Désormais, le régime en place ne cible plus des militants qui mettent leur vie en danger pour défendre un pays à genoux, tué par une élite mafieuse qui a tout bradé. Il s’attaque à toutes celles et ceux qui osent le défier. En effet, ce vendredi, des centaines de sénégalais avaient prévu de rejoindre le mouvement « Gno Lank, Gno Bagn » dans une grande manifestation prévue au niveau de la Place de l’Indépendance.
Cette manifestation pacifique, à laquelle devait prendre part une jeunesse désespérée, à bout et qui n’a plus confiance envers ses dirigeants, a été interdite par Alioune Badar Samb, le préfet de Dakar, nous dit-on. Pour justifier une décision totalitaire, le préfet évoque des risques de trouble à l’ordre publique. Car, ce qu’il faut savoir est qu’une contremarche a été organisée par les partisans du régime en place pour discréditer celles et ceux qui en ont marre de devoir toujours mettre la main à la poche.
Le régime en place qui a reconnu avoir gaspillé 307 milliards de FCFA dans l’achat de voitures depuis son arrivée au pouvoir en 2012 n’a plus les moyens d’assurer la défense des citoyens contribuables qui veulent faire entendre leurs voix pacifiquement à travers les rues de la capitale ?
Ces manifestants ne sont ni des criminels, ni des terroristes, encore moins des casseurs. On parle de centaines de jeunes patriotes qui ne peuvent plus cautionner les dérives d’un régime qui s’est éloigné de la voie démocratique, en contraignant à l’exil un potentiel rival à la présidentielle, en ordonnant l’arrestation d’un maire considéré comme une menace à la réélection d’un président qui flirte désormais avec un troisième mandat, en muselant toutes les voix dissidentes (Moustapha Diakhaté) et en radiant de la fonction publique un candidat dont le tort est d’être devenu la voix d’une jeunesse désespérée.
Les droits les plus élémentaires du peuple sénégalais ont été piétinés par un régime sourd qui a confondu autorité et autoritarisme, qui cautionne ouvertement les plus grosses dérives commises par ses partisans (Aliou Sall, Moustapha Cissé et autres) mais qui condamne avec la plus grande fermeté et sans aucune complaisance toute erreur commise par des hommes politiques du camp adverse.
Quand le régime en place parle de dialogue national, il faut savoir lire entre les lignes et bien comprendre sa communication.

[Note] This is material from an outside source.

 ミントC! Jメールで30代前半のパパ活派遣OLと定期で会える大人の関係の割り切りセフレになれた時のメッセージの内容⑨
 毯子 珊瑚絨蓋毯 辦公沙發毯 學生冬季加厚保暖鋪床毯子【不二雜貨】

La réalité est qu’il ne tend la main qu’aux opposants qui acceptent de vendre le peu de dignité qui leur reste pour se soumettre totalement à lui, en échange d’un piteux poste de conseiller, de ministre ou que sais-je.
La jeunesse sénégalaise vit dans une psychose existentielle. Elle est terrorisée car il ne lui est plus permis de manifester son courroux face à l’incurie d’un Etat totalement corrompu et désormais totalitaire. La justice n’est plus du côté du peuple. Elle est carrément entre les mains d’un Exécutif qui, depuis le palais présidentiel, tire les ficelles.
Aucun Etat ne peut prétendre aller de l’avant dans des conditions pareilles. Aucun pays ne peut non plus avancer sans une jeunesse libre. En élisant ce régime en 2012, le peuple sénégalais, notamment la jeunesse, pensait avoir tourné une page obscure de notre Histoire. Apparemment, non. Le peuple s’était tiré une balle dans le pied et le régime qu’il a réélu le 28 février 2019 est en train de l’achever. Sans état d’âme.
Si l’on n’est plus en mesure de manifester notre colère avec l’unique objectif de faire bouger les lignes, c’est qu’on n’est tout simplement plus en démocratie.